**What Makes an All Star?
Development of a machine learning model to predict which RuPaul's Drag Race contestants are most likely to be selected for an All Stars Season based on their performance in previous seasons. **

**Limitation:** For the purposes of this exploration, I use the terminology "selected" to describe a contestant who has competed in previous seasons who is competing in the target All Stars season.

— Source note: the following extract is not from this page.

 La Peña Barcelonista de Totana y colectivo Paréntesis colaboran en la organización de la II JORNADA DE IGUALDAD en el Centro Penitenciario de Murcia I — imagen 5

I am aware that not all contestants who are selected for All Stars accept and that this information is not widely distributed, so it is impossible to obtain accurate data on which contestants are selected for All Stars. "Selected for All Stars" in this context should therefore be read as a shorthand "selected and accepted an invitation to compete in All Stars".

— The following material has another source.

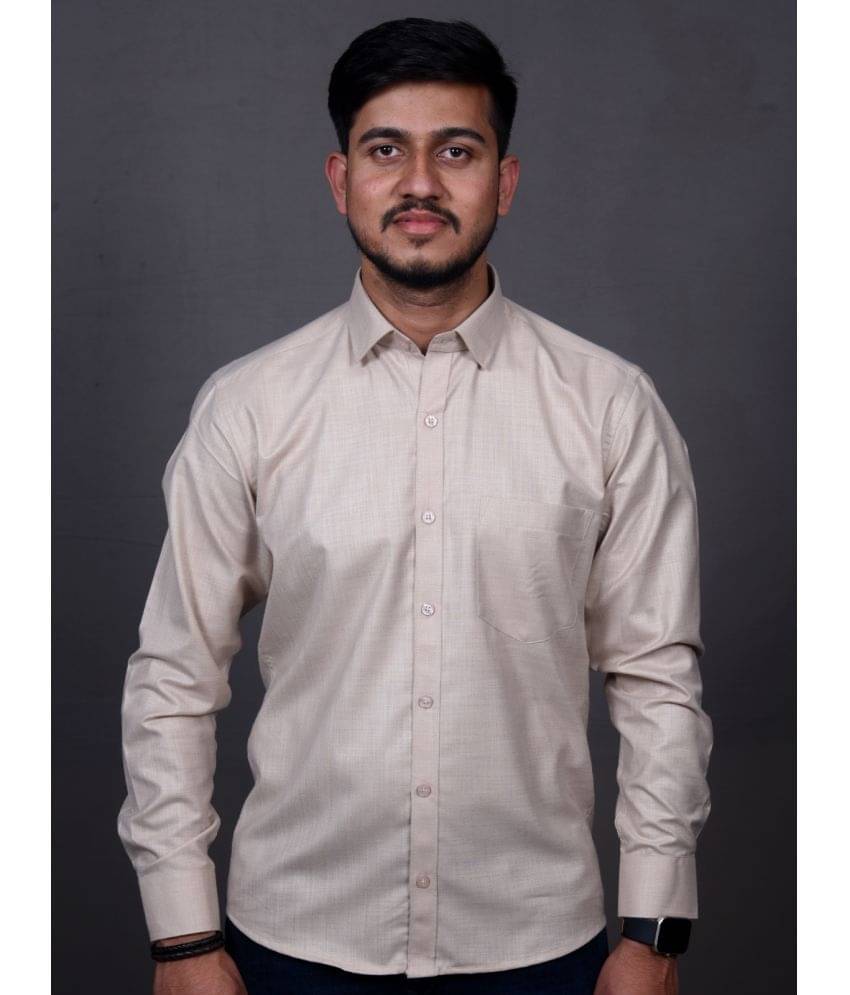     			KING'S COLLAR Cotton Blend Regular Fit Full Sleeves Men's Formal Shirt - Khaki ( Pack of 1 )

Further limitations will be discussed at the end of the analysis.

**Retrieving input data**

Run prep module to get data of contestant performance and All Stars selection/performance for All Stars Seasons 1-4 scraped from Wikipedia and cleaned for analysis.

In [1]:
import All_Stars_Data_Prep as all_stars_prep
model_data = all_stars_prep.get_all_stars_selection_model_data(range(1,5))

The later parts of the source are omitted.